Repeat only the lines below from the one that contains "Clou Beaute Nail" through the final line, exactly. Omit pictures.

--- START ---

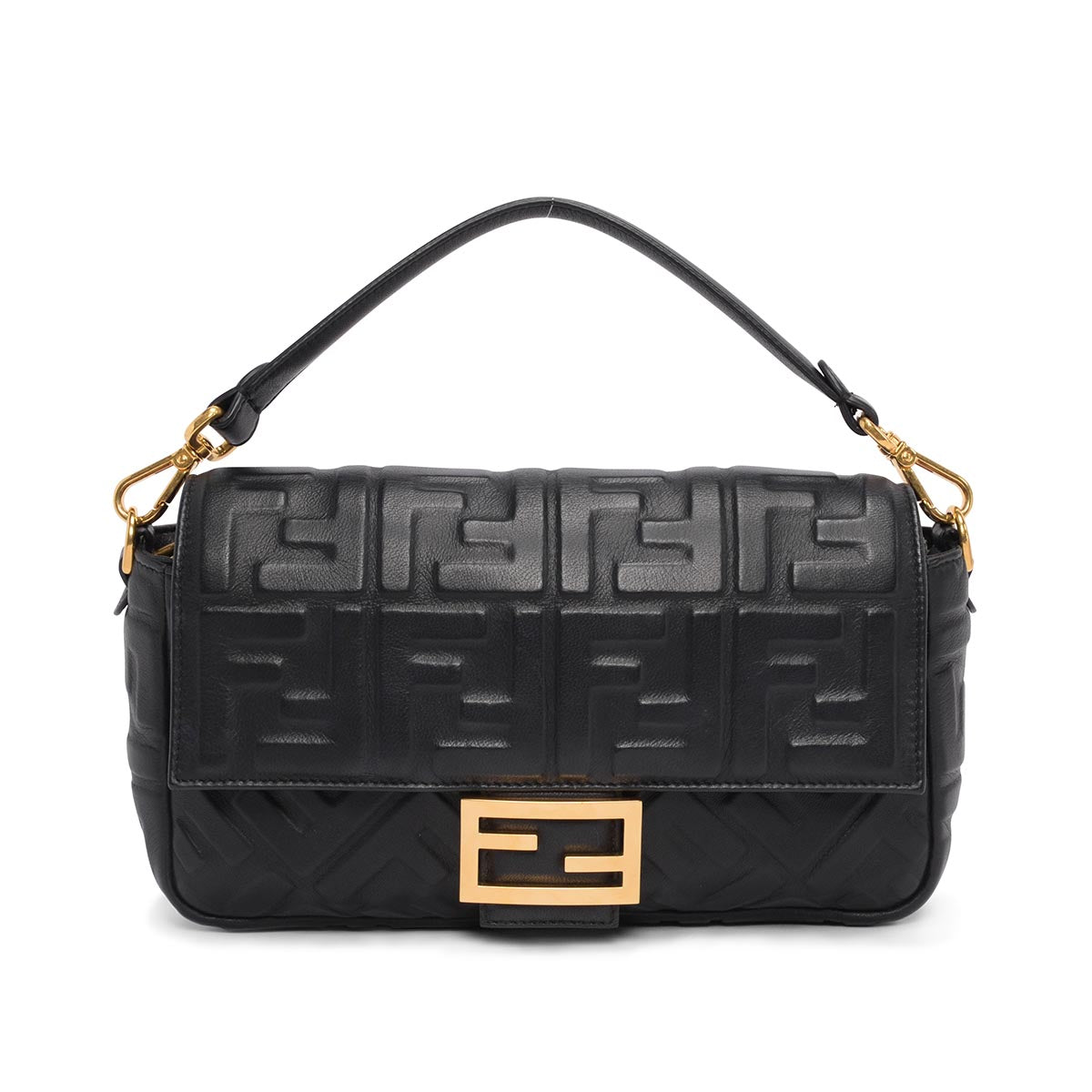 Fendi Black Nappa Leather FF 1974 Embossed Baguette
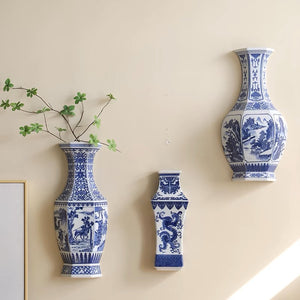 Chinese Blue and White Vase Wall Art - Staunton and Henry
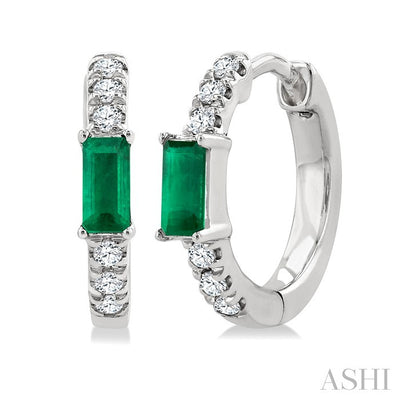 Emerald Shape Gemstone & Petite Diamond Huggie Fashion Earrings
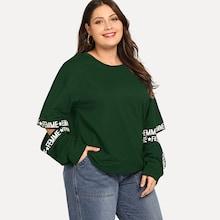 Shein Plus Letter Tape Side Sweatshirt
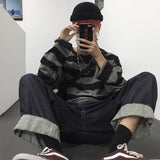 Harajuku Oversized High Street Stripe T-Shirt Long Sleeves Vintage Style All-Match Fashion Unisex Clothes Japanese Streetwear
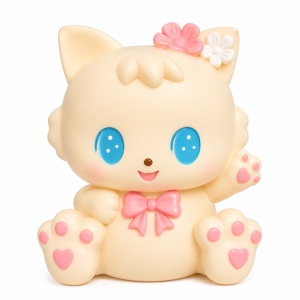 Pușculiță pisică albă 18 cm – cutie economii cu capac inferior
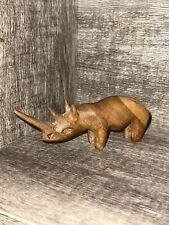 Vintage Hand Carved Solid Wooden African Rhinoceros Figurine Sculpture 5.5” picture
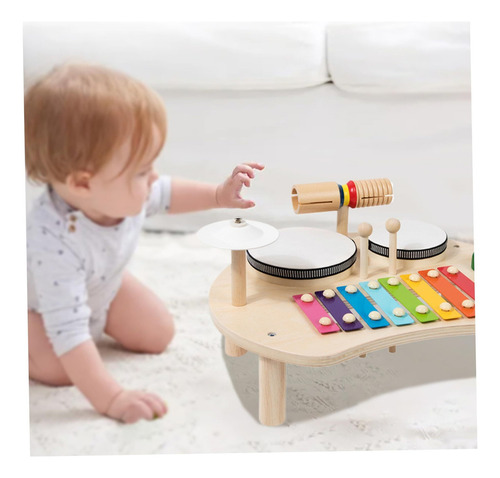 Kids Drum Set Para Niños Pequeños Set 5en1 Madera Redondeada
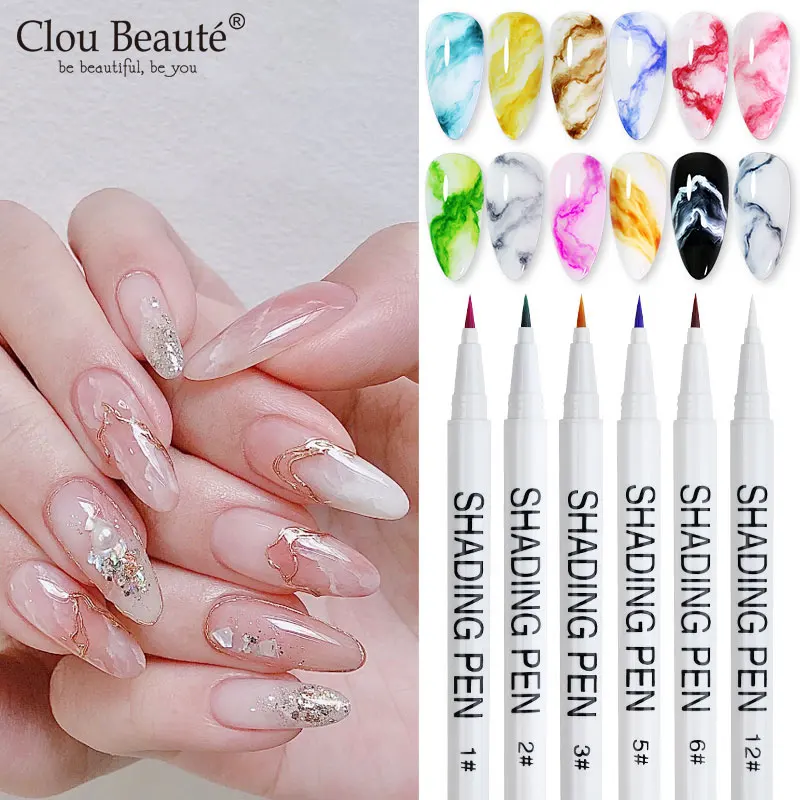 Clou Beaute Nail Blooming Shading Pen 15 Colors Watercolor Soak Off Marble Graffiti UV LED Smoke Effect Waterproof Manicure Tool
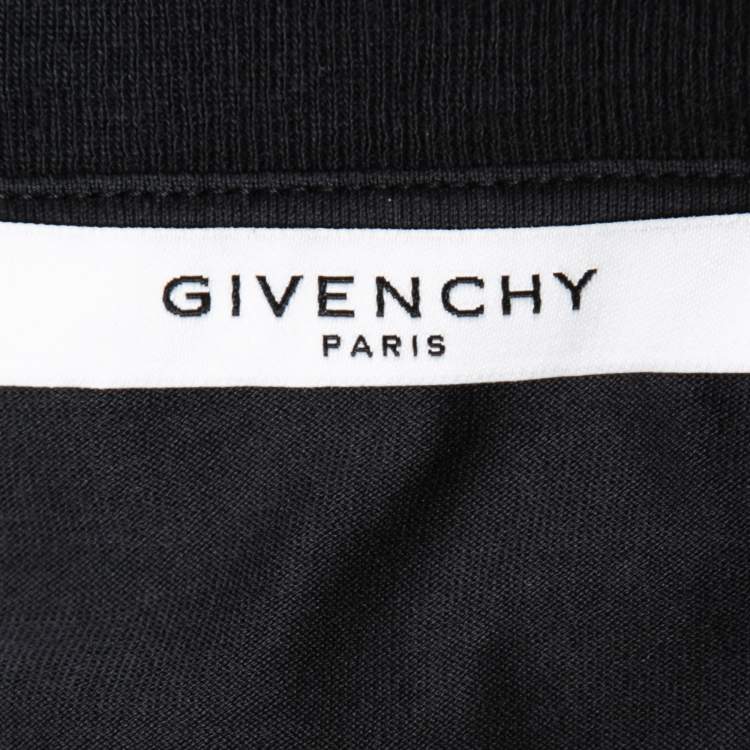 Pre Owned Givenchy Black Distressed Cotton Logo Printed Short Sleeve T-Shirt XS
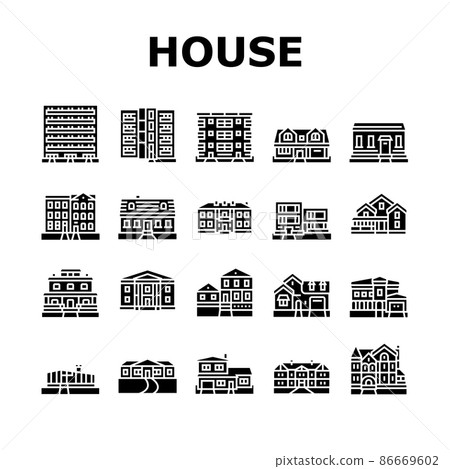 House Architectural Exterior Icons Set Vector House Architectural Exterior Icons Set Vector 86669602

--- END ---

**ANSWER AREA:**
 Clou Beaute Nail Blooming Shading Pen 15 Colors Watercolor Soak Off Marble Graffiti UV LED Smoke Effect Waterproof Manicure Tool
 Pre Owned Givenchy Black Distressed Cotton Logo Printed Short Sleeve T-Shirt XS
 House Architectural Exterior Icons Set Vector House Architectural Exterior Icons Set Vector 86669602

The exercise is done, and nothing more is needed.